- **What you should do**: Given the listing below, reproduce all of it exactly.

- **Extracted information**:

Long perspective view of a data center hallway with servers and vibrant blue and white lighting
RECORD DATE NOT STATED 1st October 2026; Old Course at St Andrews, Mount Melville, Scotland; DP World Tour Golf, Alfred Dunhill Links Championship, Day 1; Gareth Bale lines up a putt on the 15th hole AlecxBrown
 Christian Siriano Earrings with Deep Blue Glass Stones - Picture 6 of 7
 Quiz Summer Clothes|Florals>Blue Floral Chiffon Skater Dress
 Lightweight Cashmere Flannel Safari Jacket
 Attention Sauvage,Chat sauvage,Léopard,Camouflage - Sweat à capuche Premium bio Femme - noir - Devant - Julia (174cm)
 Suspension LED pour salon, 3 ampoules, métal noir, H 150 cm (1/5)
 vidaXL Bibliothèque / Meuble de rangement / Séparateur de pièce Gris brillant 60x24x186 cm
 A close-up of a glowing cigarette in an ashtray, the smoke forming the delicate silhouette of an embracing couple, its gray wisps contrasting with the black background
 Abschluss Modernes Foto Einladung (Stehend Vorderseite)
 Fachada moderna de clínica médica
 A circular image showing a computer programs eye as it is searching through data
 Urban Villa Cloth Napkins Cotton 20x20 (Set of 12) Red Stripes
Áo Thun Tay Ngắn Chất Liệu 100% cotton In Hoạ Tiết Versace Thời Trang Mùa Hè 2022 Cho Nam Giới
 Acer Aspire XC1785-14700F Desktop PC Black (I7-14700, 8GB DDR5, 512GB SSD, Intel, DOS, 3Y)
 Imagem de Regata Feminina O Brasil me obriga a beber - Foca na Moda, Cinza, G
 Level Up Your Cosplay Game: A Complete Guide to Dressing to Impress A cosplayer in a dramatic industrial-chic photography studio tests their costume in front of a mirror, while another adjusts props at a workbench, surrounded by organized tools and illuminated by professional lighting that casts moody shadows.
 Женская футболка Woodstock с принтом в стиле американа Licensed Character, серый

- **Exercise result**:
Long perspective view of a data center hallway with servers and vibrant blue and white lighting
RECORD DATE NOT STATED 1st October 2026; Old Course at St Andrews, Mount Melville, Scotland; DP World Tour Golf, Alfred Dunhill Links Championship, Day 1; Gareth Bale lines up a putt on the 15th hole AlecxBrown
 Christian Siriano Earrings with Deep Blue Glass Stones - Picture 6 of 7
 Quiz Summer Clothes|Florals>Blue Floral Chiffon Skater Dress
 Lightweight Cashmere Flannel Safari Jacket
 Attention Sauvage,Chat sauvage,Léopard,Camouflage - Sweat à capuche Premium bio Femme - noir - Devant - Julia (174cm)
 Suspension LED pour salon, 3 ampoules, métal noir, H 150 cm (1/5)
 vidaXL Bibliothèque / Meuble de rangement / Séparateur de pièce Gris brillant 60x24x186 cm
 A close-up of a glowing cigarette in an ashtray, the smoke forming the delicate silhouette of an embracing couple, its gray wisps contrasting with the black background
 Abschluss Modernes Foto Einladung (Stehend Vorderseite)
 Fachada moderna de clínica médica
 A circular image showing a computer programs eye as it is searching through data
 Urban Villa Cloth Napkins Cotton 20x20 (Set of 12) Red Stripes
Áo Thun Tay Ngắn Chất Liệu 100% cotton In Hoạ Tiết Versace Thời Trang Mùa Hè 2022 Cho Nam Giới
 Acer Aspire XC1785-14700F Desktop PC Black (I7-14700, 8GB DDR5, 512GB SSD, Intel, DOS, 3Y)
 Imagem de Regata Feminina O Brasil me obriga a beber - Foca na Moda, Cinza, G
 Level Up Your Cosplay Game: A Complete Guide to Dressing to Impress A cosplayer in a dramatic industrial-chic photography studio tests their costume in front of a mirror, while another adjusts props at a workbench, surrounded by organized tools and illuminated by professional lighting that casts moody shadows.
 Женская футболка Woodstock с принтом в стиле американа Licensed Character, серый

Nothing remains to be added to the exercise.